The entries are to be reproduced verbatim, and their pictures left out.

Records from a data source –

******

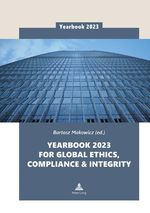 YEARBOOK 2023 FOR GLOBAL ETHICS, COMPLIANCE & INTEGRITY Cover des Buches YEARBOOK 2023 FOR GLOBAL ETHICS, COMPLIANCE & INTEGRITY (ISBN: 9783631890257)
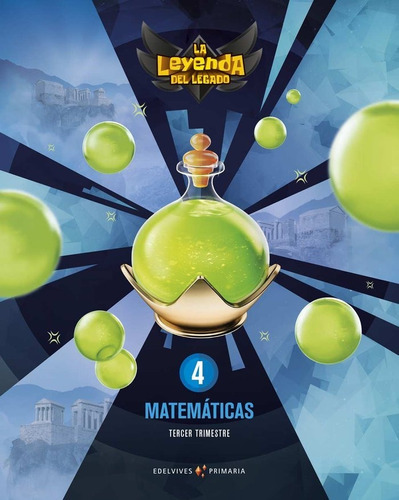 Libro Proyecto: La Leyenda Del Legado. Matemã¡ticas 4. Tr...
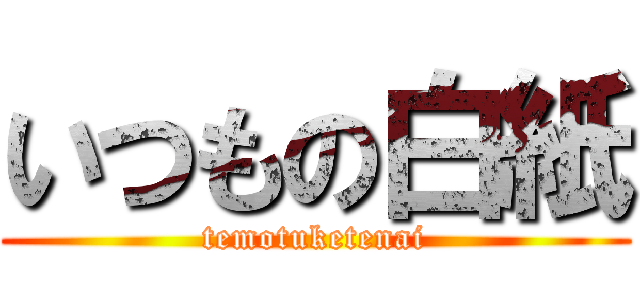 いつもの白紙 (temotuketenai)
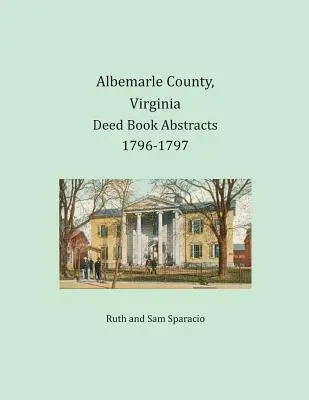 Resúmenes del Libro de Escrituras del Condado de Albemarle, Virginia, 1796-1797 - Albemarle County, Virginia Deed Book Abstracts 1796-1797
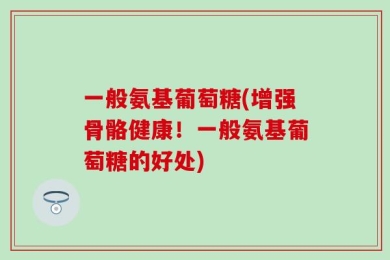 一般氨基葡萄糖(增强骨骼健康！一般氨基葡萄糖的好处)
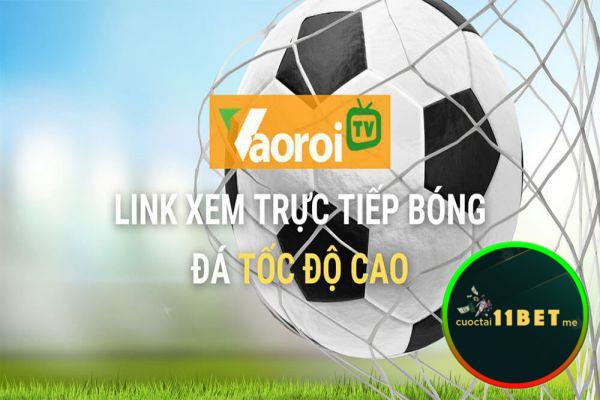 
Vaoroi TV ra đời đáp ứng nhu cầu xem bóng đá trực tiếp cho khán giả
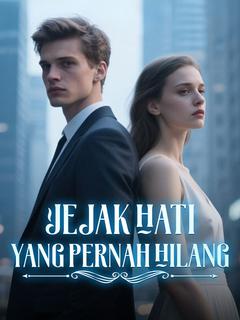 Jejak Hati yang Pernah Hilang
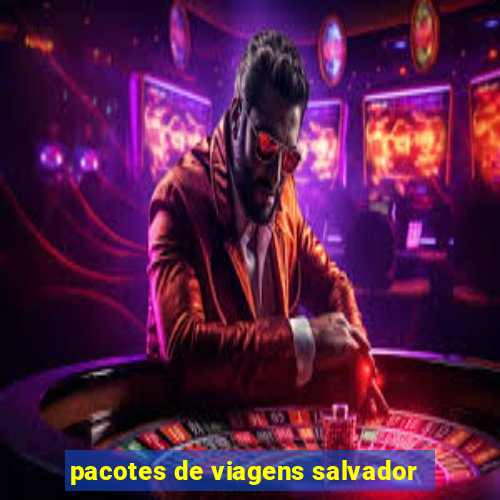 pacotes de viagens salvador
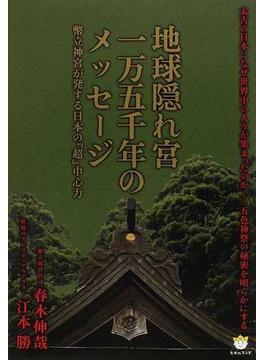 地球隠れ宮一万五千年のメッセージ 幣立神宮が発する日本の『超』中心力 太古の日本になぜ世界中の人々が集まったのか−五色神祭の秘密を明らかにする
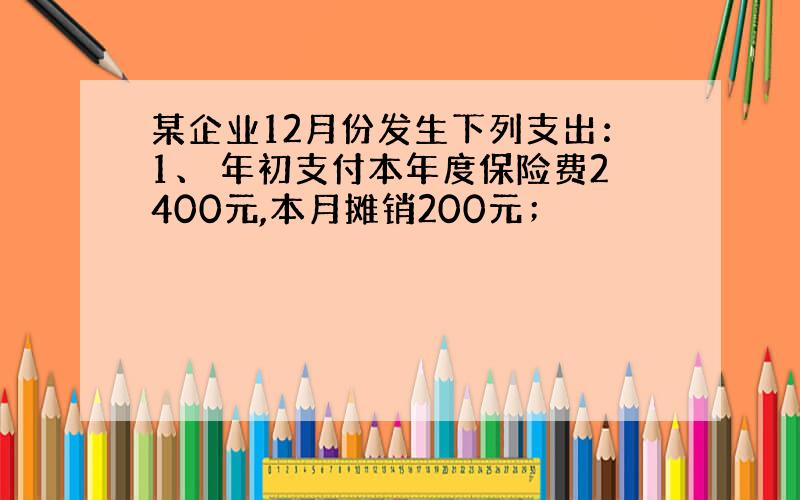 某企业12月份发生下列支出：1、 年初支付本年度保险费2400元,本月摊销200元；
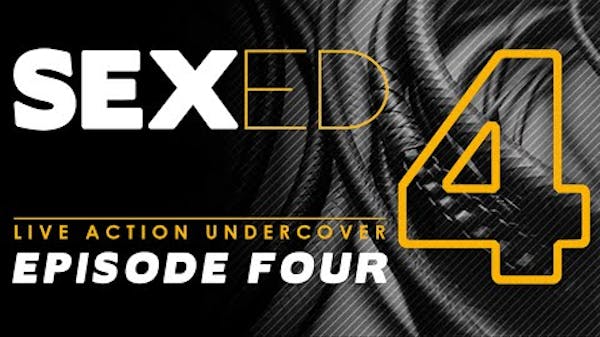 SEXED: Dangerous Sex Advice for Kids (Episode 4) thumbnail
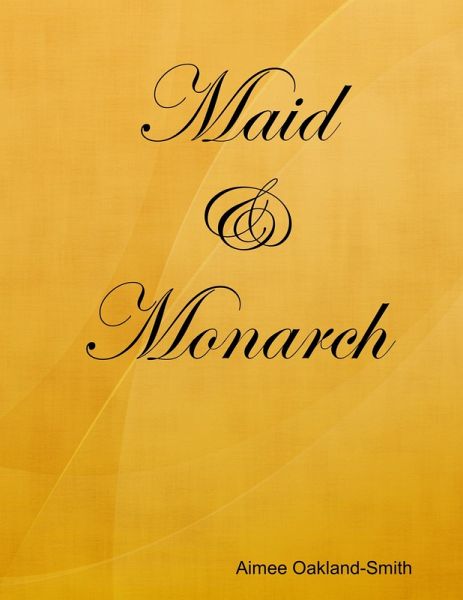 Maid and Monarch (eBook, ePUB)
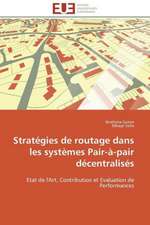 Strategies de Routage Dans Les Systemes Pair-A-Pair Decentralises: Radiographie Et Interrogations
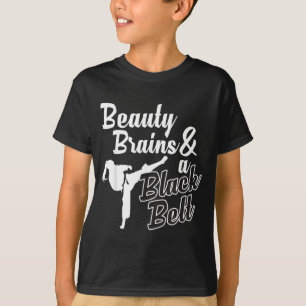 Beauty Brains And A Black Belt Karate Martial Arts T-Shirt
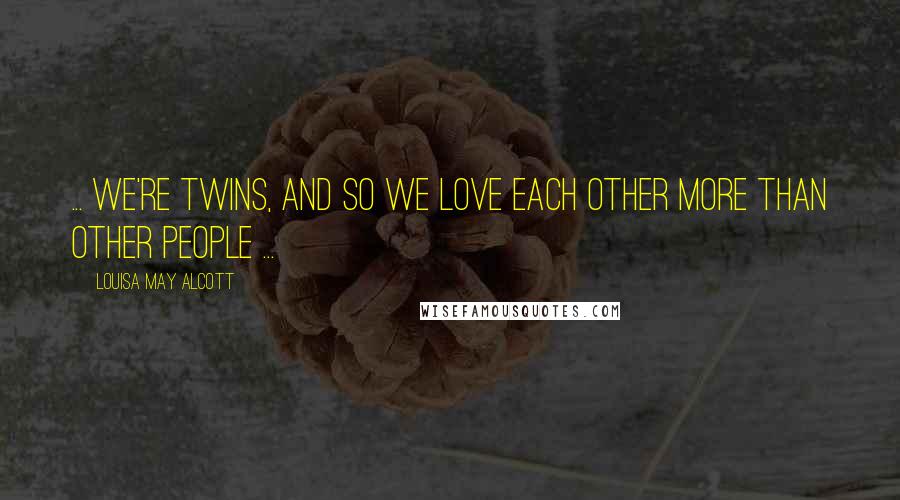 Louisa May Alcott Quotes: ... we're twins, and so we love each other more than other people ...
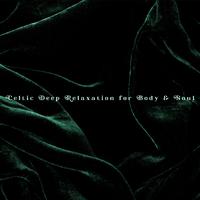 Celtic Deep Relaxation for Body & Soul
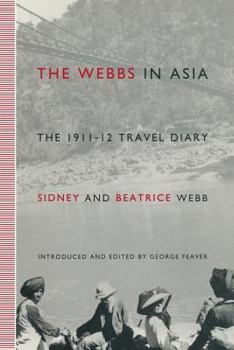 Paperback The Webbs in Asia: The 1911-12 Travel Diary Book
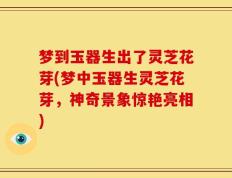 梦到玉器生出了灵芝花芽(梦中玉器生灵芝花芽，神奇景象惊艳亮相)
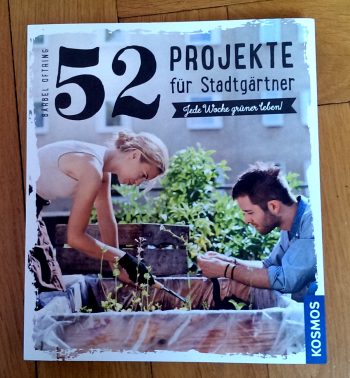 Oftring, Bärbel "52 Projekte für Stadtgärtner"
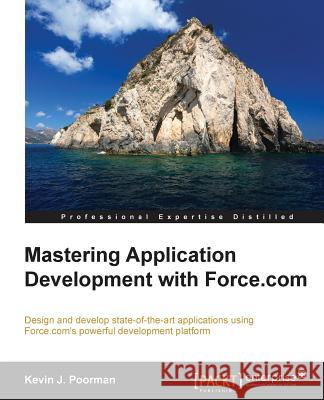 Mastering Application Development with Force.com Kevin J 9781782172819 Packt Publishing - książka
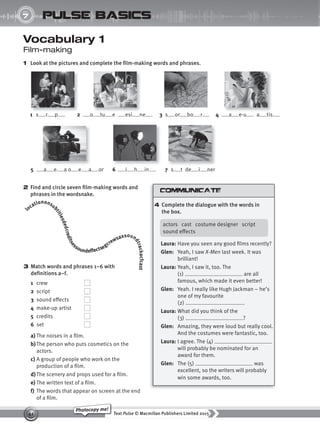 Text Pulse © Macmillan Publishers Limited 2015
41
Photocopy me!
UNIT
7 pulse basics
Vocabulary 1
Film-making
1 Look at the pictures and complete the film-making words and phrases.
3 Match words and phrases 1–6 with
definitions a–f.
1 crew
2 script
3 sound effects
4 make-up artist
5 credits
6 set
a) The noises in a film.
b)The person who puts cosmetics on the
actors.
c) A group of people who work on the
production of a film.
d) The scenery and props used for a film.
e) The written text of a film.
f) The words that appear on screen at the end
of a film.
2 Find and circle seven film-making words and
phrases in the wordsnake.
locationonsu
b
t
i
t
l
e
s
d
e
d
c
r
e
d
i
t
s
e
ssoundeffectsegcrewsaxsoun
d
t
r
a
c
k
a
c
f
c
a
s
t
1 s r p 4 a e-u a tis
2 o tu e esi ne
5 a e a o e a or
3 s or bo r
6 i h in 7 s t de i ner
4 Complete the dialogue with the words in
the box.
actors cast costume designer script
sound effects
Laura: Have you seen any good films recently?
Glen: Yeah, I saw X-Men last week. It was
brilliant!
Laura: Yeah, I saw it, too. The
(1) are all
famous, which made it even better!
Glen: Yeah. I really like Hugh Jackman – he’s
one of my favourite
(2) .
Laura: What did you think of the
(3) ?
Glen: Amazing, they were loud but really cool.
And the costumes were fantastic, too.
Laura: I agree. The (4)
will probably be nominated for an
award for them.
Glen: The (5) was
excellent, so the writers will probably
win some awards, too.
9780230439702_A-Basics_CS6.indd 41 30/03/2015 11:11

******

Answer for this exercise –
 YEARBOOK 2023 FOR GLOBAL ETHICS, COMPLIANCE & INTEGRITY Cover des Buches YEARBOOK 2023 FOR GLOBAL ETHICS, COMPLIANCE & INTEGRITY (ISBN: 9783631890257)
 Libro Proyecto: La Leyenda Del Legado. Matemã¡ticas 4. Tr...
 いつもの白紙 (temotuketenai)
 Resúmenes del Libro de Escrituras del Condado de Albemarle, Virginia, 1796-1797 - Albemarle County, Virginia Deed Book Abstracts 1796-1797
 一般氨基葡萄糖(增强骨骼健康！一般氨基葡萄糖的好处)
Vaoroi TV ra đời đáp ứng nhu cầu xem bóng đá trực tiếp cho khán giả
 Jejak Hati yang Pernah Hilang
 pacotes de viagens salvador
 地球隠れ宮一万五千年のメッセージ 幣立神宮が発する日本の『超』中心力 太古の日本になぜ世界中の人々が集まったのか−五色神祭の秘密を明らかにする
 某企业12月份发生下列支出：1、 年初支付本年度保险费2400元,本月摊销200元；
 SEXED: Dangerous Sex Advice for Kids (Episode 4) thumbnail
 Maid and Monarch (eBook, ePUB)
 Strategies de Routage Dans Les Systemes Pair-A-Pair Decentralises: Radiographie Et Interrogations
 Beauty Brains And A Black Belt Karate Martial Arts T-Shirt
 Louisa May Alcott Quotes: ... we're twins, and so we love each other more than other people ...
 Celtic Deep Relaxation for Body & Soul
 Paperback The Webbs in Asia: The 1911-12 Travel Diary Book
 梦到玉器生出了灵芝花芽(梦中玉器生灵芝花芽，神奇景象惊艳亮相)
 Oftring, Bärbel "52 Projekte für Stadtgärtner"
 Mastering Application Development with Force.com Kevin J 9781782172819 Packt Publishing - książka
 Text Pulse © Macmillan Publishers Limited 2015
41
Photocopy me!
UNIT
7 pulse basics
Vocabulary 1
Film-making
1 Look at the pictures and complete the film-making words and phrases.
3 Match words and phrases 1–6 with
definitions a–f.
1 crew
2 script
3 sound effects
4 make-up artist
5 credits
6 set
a) The noises in a film.
b)The person who puts cosmetics on the
actors.
c) A group of people who work on the
production of a film.
d) The scenery and props used for a film.
e) The written text of a film.
f) The words that appear on screen at the end
of a film.
2 Find and circle seven film-making words and
phrases in the wordsnake.
locationonsu
b
t
i
t
l
e
s
d
e
d
c
r
e
d
i
t
s
e
ssoundeffectsegcrewsaxsoun
d
t
r
a
c
k
a
c
f
c
a
s
t
1 s r p 4 a e-u a tis
2 o tu e esi ne
5 a e a o e a or
3 s or bo r
6 i h in 7 s t de i ner
4 Complete the dialogue with the words in
the box.
actors cast costume designer script
sound effects
Laura: Have you seen any good films recently?
Glen: Yeah, I saw X-Men last week. It was
brilliant!
Laura: Yeah, I saw it, too. The
(1) are all
famous, which made it even better!
Glen: Yeah. I really like Hugh Jackman – he’s
one of my favourite
(2) .
Laura: What did you think of the
(3) ?
Glen: Amazing, they were loud but really cool.
And the costumes were fantastic, too.
Laura: I agree. The (4)
will probably be nominated for an
award for them.
Glen: The (5) was
excellent, so the writers will probably
win some awards, too.
9780230439702_A-Basics_CS6.indd 41 30/03/2015 11:11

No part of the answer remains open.